The Friday Flashback: Jim Henson's Early Short Films
By Chuck Sudo in Arts & Entertainment on Feb 10, 2012 11:00PM
Muppets creator Jim Henson began keeping a journal in June 1965 that eventually became known as "The Red Book." An entry from last August looks back at Henson's introduction of a new character, SAM (an anagram for "Super-Automated Machine") the Robot to Sesame Street in 1972. SAM was voiced by longtime Henson performer Jerry Nelson, who is best known for voicing The Count von Count.
But SAM's origins actually date back to 1963. Henson was hired by The Bell System to make a short film for a business seminar in Chicago. The organizers of the seminar, a company called Inpro, was very active in its organization. One of the company's principals, Ted Mills, wrote a three-page memo to Henson that envisioned the relationship between mankind and technology as a tense one. As anyone who's had trouble setting the clock on a television or had to reboot a computer and lose open files can attest: it's a troubled relationship to this day.
Henson took Mills' memo and ran with it. Mills wrote:
"He [the robot] is sure that All Men Basically Want to Play Golf, and not run businesses — if he can do it better."
Henson not only created a robot that conveyed what Mills had intended, he also added his unique personal touches to the robot.

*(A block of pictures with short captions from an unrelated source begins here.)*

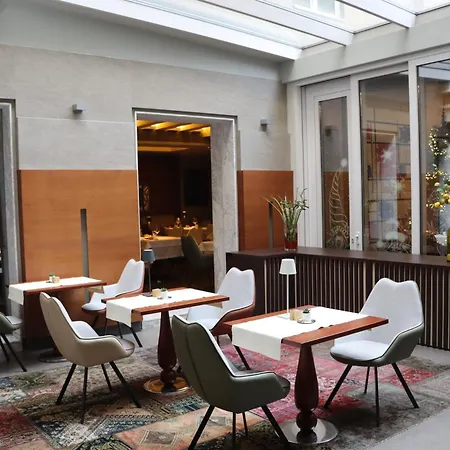 Zepter Belgrade, Member Of Zepter Hotel Belgrado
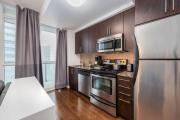 Top Toronto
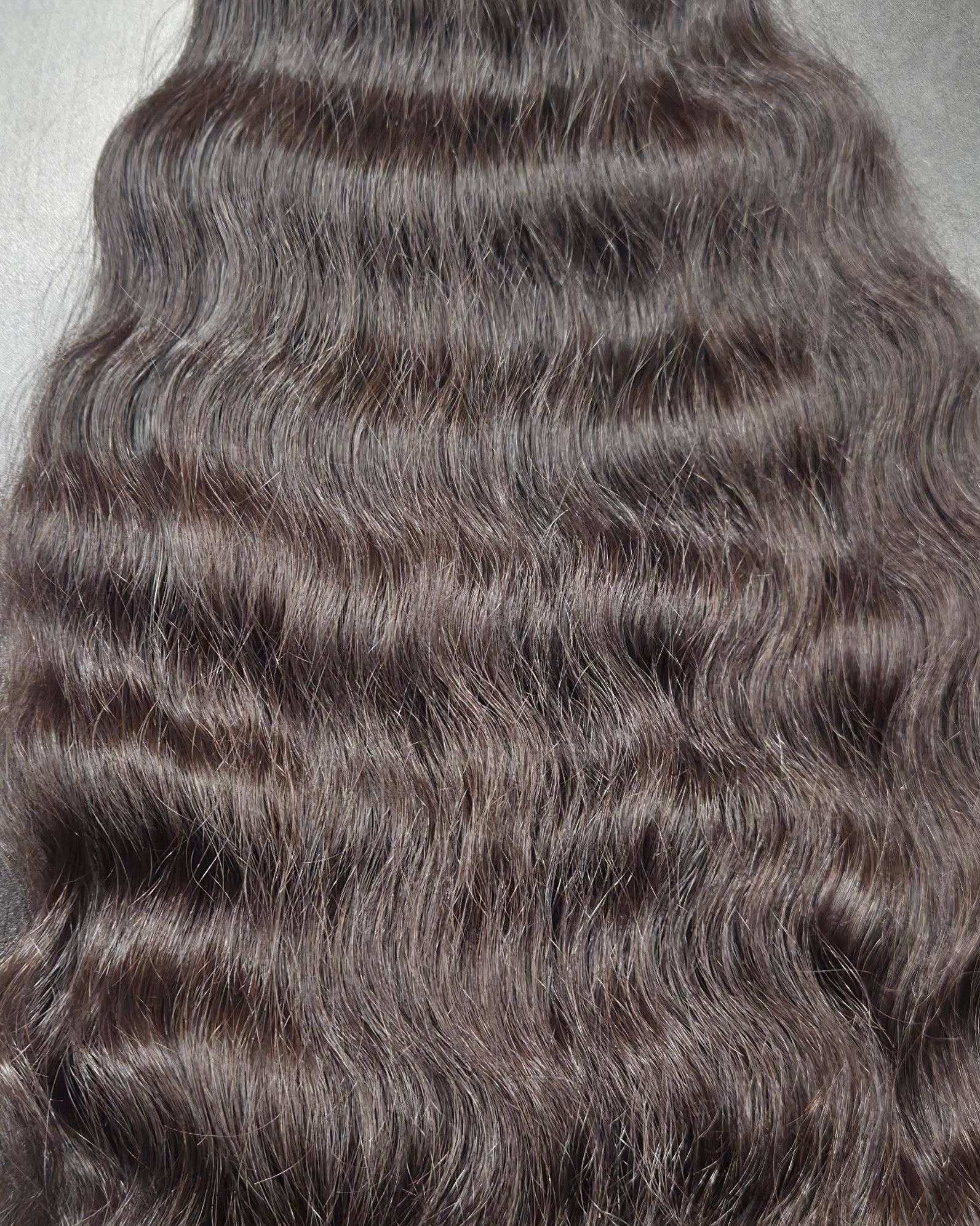 Slavic wave SKU494 27” 121g
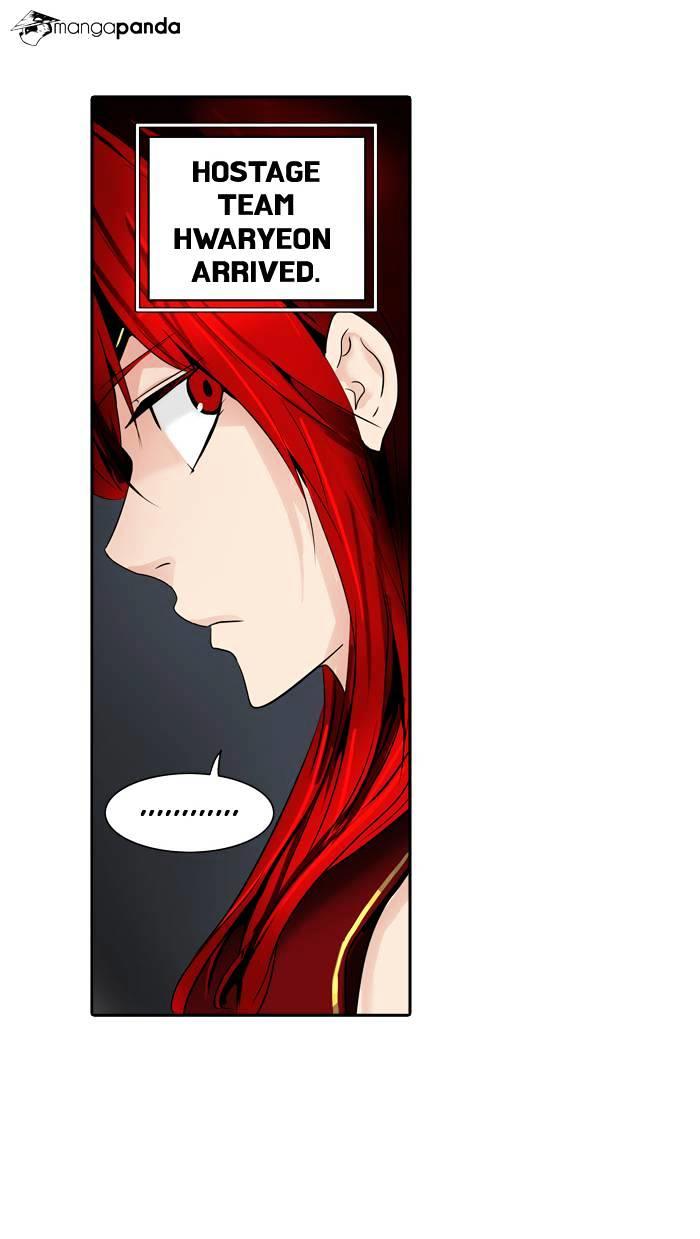 Tower Of God, Chapter 289 image 28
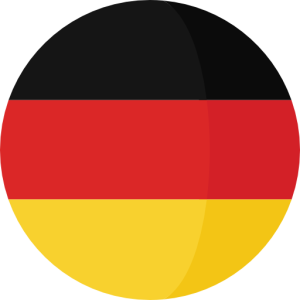 130 Million Germany Consumer Email List Database (2024 Updated)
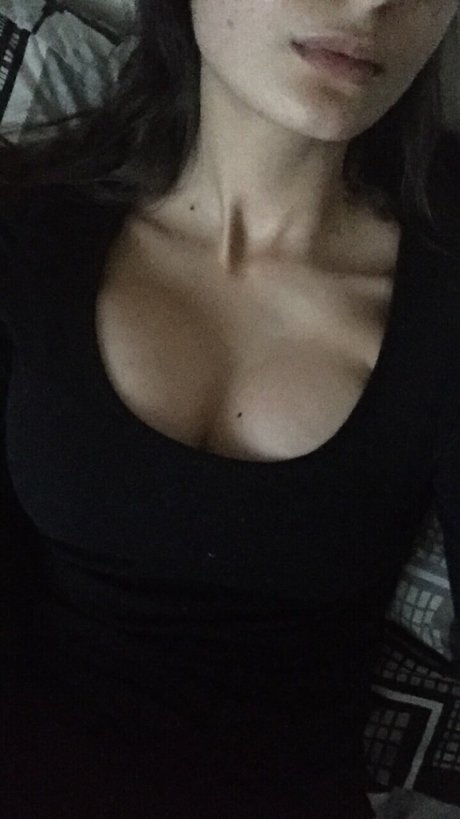 大きな黒いお尻のOnlyFans ポルノグラフィック アーカイブ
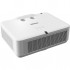 Проектор Vivitek DU5053Z-WH (DU5053Z-WH)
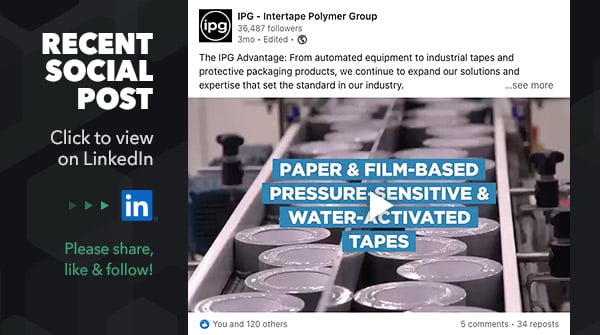 Social-Post-IPG-Advantage-2
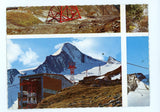 Kitzsteinhorn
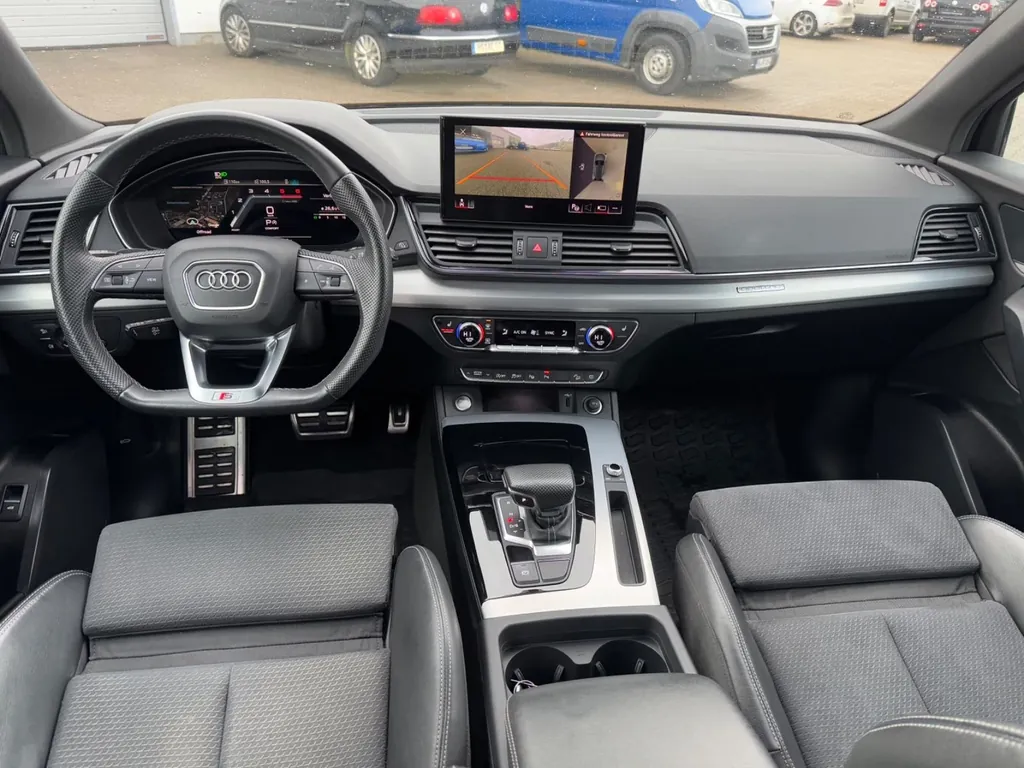Bild 15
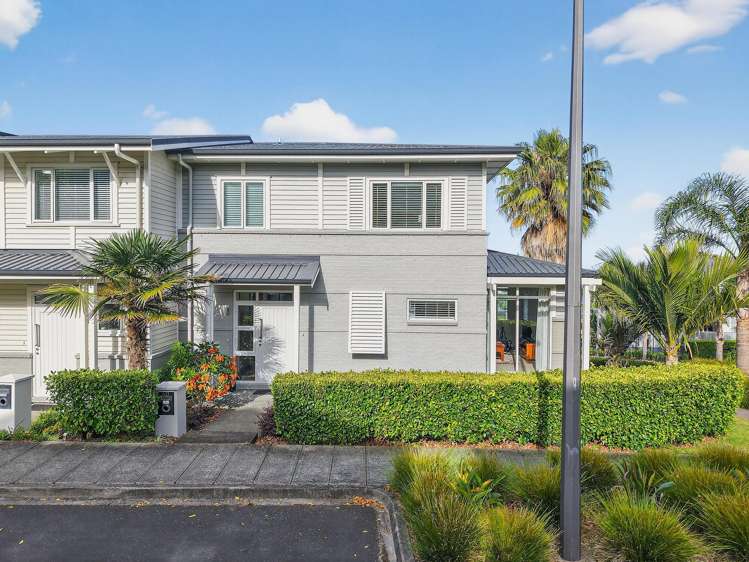 60 Landmark Terrace Orewa_12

The same robot, but with a different voice, appeared in a second film for the seminar, and was named Charlie Magnetico. The voice for Charlie was provided by Jerry Juhl, who was Henson's first employee. Juhl was a friend of Henson's most famous collaborator, Frank Oz. But Oz was still in high school at the time. One wonders how Oz would approached voicing Charlie.
Henson later created a slightly different version of the robot for the 1964 World's Fair.